梨野礫・著作集

古稀を過ぎた老人が、これまでに綴った拙い文章の数々です。お読み捨てください。

カラスなぜ鳴く

 昔のカラスは、「山に可愛い七つの子がある」(野口雨情・1921年)から鳴いたり、その子らが育って「コケコッコのおばさんに赤いお帽子ほしいよ」(海沼実・1939年)といって鳴いたが、今のカラスはなぜ鳴くか。
 カラスは太古の昔から人間と「共に」生きてきた。それゆえに、人間の来し方・行く末を知り尽くしているのだ。とりわけ、人間の愚かさ、欲深さが、いつになっても払拭されないことに呆れている。
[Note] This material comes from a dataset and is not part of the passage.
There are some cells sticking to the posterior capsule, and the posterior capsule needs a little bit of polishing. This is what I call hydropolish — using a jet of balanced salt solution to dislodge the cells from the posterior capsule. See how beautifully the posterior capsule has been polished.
他の動物たちは「身の丈に応じた」知足の生活を粛々と送っているのに、人間は、いつまで性懲りも無く、同じ過ちを繰り返すのだろうか。人間同士が殺し合い自滅の道をたどることは「カラスの勝手」(ザ・ドリフターズ・1980年代)とはいえ、生物の起源である「地球」(海・大地・空気)を破壊することは許されない。
 だから、今のカラスは鳴くのではない。嗤っているのである。「アホー、アホー」と人間を見下しているのだ。そのことに気づいている人間もいないわけではない。
◆寒鴉歩く聖書の色をして(高瀬祥子・2013年)・・・・。